Use prepare_subset_data() to create CSV files for each subset. Parameters:
string meta_csv_path: The path to the meta csv file containing the entire dataset.
string subset_csv_dir: The path to the directory where the user wants to save the subset csv files.

Use pickle_masks() on each subset CSV to create an array of masks for each image in the CSV and save that array as a pickle file locally. Parameters:
string local_csv_path: The path to the subset csv file.
string local_data_dir: The path to the directory where raw images are stored.
string local_masks_path: The path to where the user wants the mask pickle to be saved.
Watershed watershed: The path to the directory where the user wants to save the subset csv files.
torchvision.transform transform: Transformation to apply to images before masking. Default None.

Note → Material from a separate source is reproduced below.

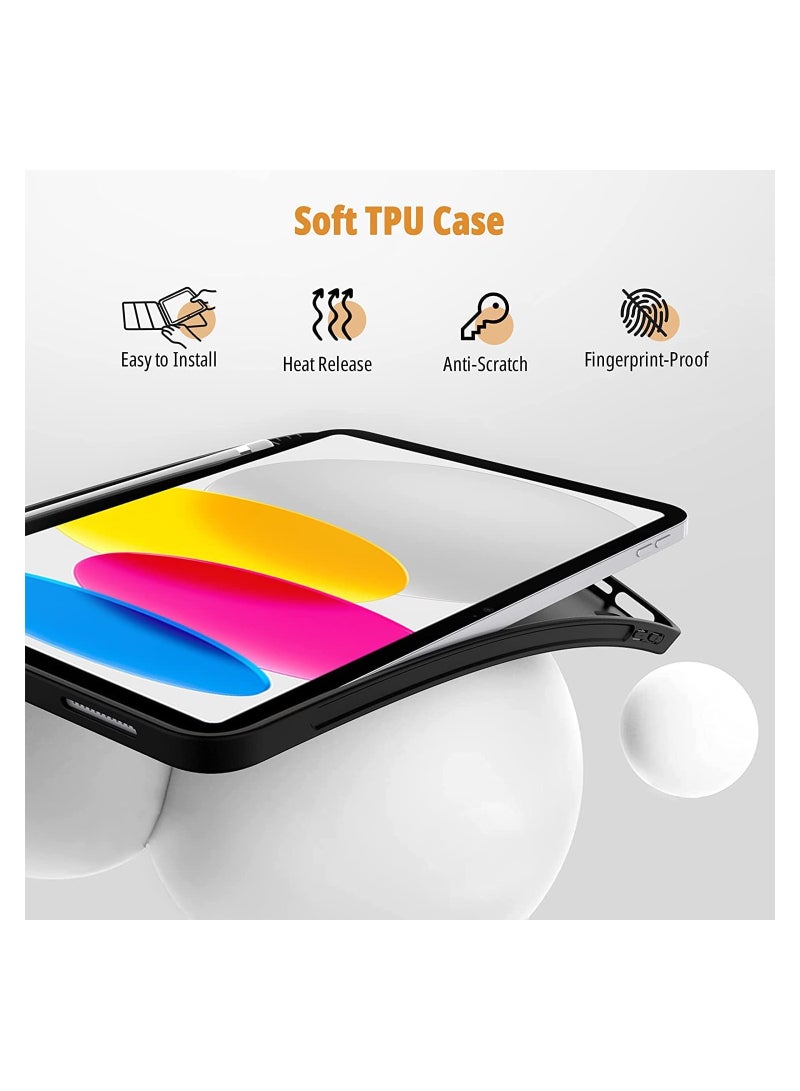 Case for iPad 10th Generation with Pencil Holder 2022 Soft TPU Back 10th Gen Cover with Pen Holder iPad Protective Smart Stand Case for iPad 10 Generation - Image 4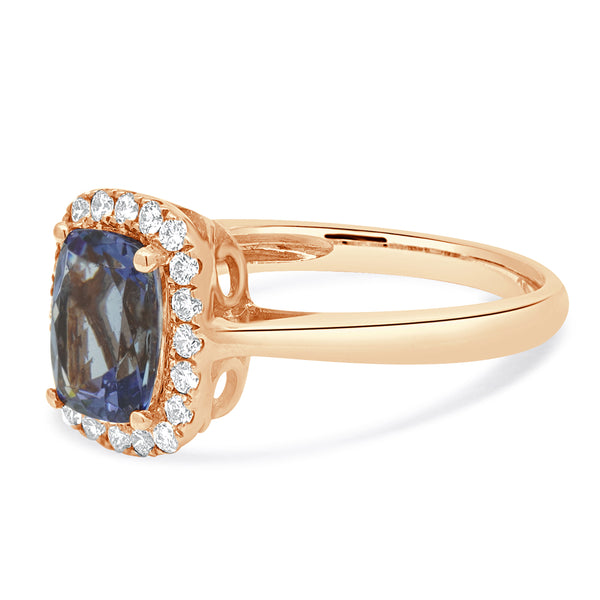 14 Karat Rose Gold Tanzanite and Diamond Ring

In the poisson_distributions.py main(), change the directory passed to visualize_subset() to the local mask directory (whatever was passed as subset_csv_dir to prepare_subset_data()).


TRAINING THE AUTOENCODER

In src/main.py or src/models/unsupervised/autoencoder_v1.py call train_autoencoder().
This function trains the unsupervised autoencoder model.

Parameters:
string csv_dir: The directory that contains the target csv file. This has to include the full path to the directory.
string train_file
: The name of the csv file contained in csv_dir with the images to train the model with
string val_file__: The name of the csv file contained in csv_dir with the images to validate the model with
int num_workers__: Specifies how many workers will be used for the dataloaders

NOTE: All files to be used for training/validation must be stored locally in csv_dir


USING THE AUTOENCODER

In src/main.py call generate_autoencoder_output().
This function loads a pretrained autoencoder model, and generates its output images for a given subset.

Parameters:
model_weights: Specifies the path to the trained model weights.
string csv_dir
: The directory that contains the target csv file. This has to include the full path to the directory.
string csv_file__: The name of the csv file contained in csv_dir with the target images.
string save_local__: Default is none, which will not save the images but instead will show temporary matplot images. If given a string, it should be the directory where the images will be saved to.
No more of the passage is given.